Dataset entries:
----

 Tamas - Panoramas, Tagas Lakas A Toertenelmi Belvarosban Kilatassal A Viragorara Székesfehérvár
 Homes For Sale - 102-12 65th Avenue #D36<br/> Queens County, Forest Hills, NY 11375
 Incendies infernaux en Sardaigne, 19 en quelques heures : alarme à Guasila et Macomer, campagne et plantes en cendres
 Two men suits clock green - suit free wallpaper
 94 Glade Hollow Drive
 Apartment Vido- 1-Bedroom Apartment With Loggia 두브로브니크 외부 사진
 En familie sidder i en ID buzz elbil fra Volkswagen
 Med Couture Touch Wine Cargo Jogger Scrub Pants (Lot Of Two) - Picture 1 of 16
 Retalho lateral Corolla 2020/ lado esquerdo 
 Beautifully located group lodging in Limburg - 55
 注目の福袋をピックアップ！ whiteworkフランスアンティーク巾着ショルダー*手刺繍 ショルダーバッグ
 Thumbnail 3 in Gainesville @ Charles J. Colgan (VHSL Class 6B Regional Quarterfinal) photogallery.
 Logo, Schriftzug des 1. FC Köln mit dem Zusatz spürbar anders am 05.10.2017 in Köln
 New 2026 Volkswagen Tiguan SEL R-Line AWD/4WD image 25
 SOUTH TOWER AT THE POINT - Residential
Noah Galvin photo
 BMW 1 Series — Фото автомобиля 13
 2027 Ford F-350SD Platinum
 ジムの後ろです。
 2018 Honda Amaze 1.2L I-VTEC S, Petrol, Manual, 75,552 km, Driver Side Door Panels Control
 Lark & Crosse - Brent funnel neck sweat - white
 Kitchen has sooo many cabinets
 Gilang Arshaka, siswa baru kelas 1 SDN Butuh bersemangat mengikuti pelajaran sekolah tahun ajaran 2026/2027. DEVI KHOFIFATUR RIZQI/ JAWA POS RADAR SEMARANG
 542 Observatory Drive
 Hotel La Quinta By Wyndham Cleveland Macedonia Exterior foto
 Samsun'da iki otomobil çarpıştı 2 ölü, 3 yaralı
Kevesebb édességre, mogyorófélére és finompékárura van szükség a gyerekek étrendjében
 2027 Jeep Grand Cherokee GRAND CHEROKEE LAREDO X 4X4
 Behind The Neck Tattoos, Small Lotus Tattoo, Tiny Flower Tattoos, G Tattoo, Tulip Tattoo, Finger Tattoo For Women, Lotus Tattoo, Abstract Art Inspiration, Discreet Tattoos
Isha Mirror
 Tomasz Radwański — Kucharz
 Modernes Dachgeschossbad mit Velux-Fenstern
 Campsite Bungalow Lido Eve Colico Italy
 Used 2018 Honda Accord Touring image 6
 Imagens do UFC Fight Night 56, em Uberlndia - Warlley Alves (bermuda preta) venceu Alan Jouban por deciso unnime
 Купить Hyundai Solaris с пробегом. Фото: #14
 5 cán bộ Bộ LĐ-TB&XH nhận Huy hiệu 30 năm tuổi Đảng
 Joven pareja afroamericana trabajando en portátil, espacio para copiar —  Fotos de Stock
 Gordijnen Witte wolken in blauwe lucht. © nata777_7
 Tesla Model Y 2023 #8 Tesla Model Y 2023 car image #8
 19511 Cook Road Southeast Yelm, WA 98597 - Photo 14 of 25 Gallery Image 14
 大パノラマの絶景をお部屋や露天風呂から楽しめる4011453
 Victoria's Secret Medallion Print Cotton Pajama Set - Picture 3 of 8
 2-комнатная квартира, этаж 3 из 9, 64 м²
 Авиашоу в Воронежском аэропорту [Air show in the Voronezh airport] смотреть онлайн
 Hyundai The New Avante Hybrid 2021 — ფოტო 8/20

----

How many of the lines above include the word "Picture"? Respond with the number alone.

2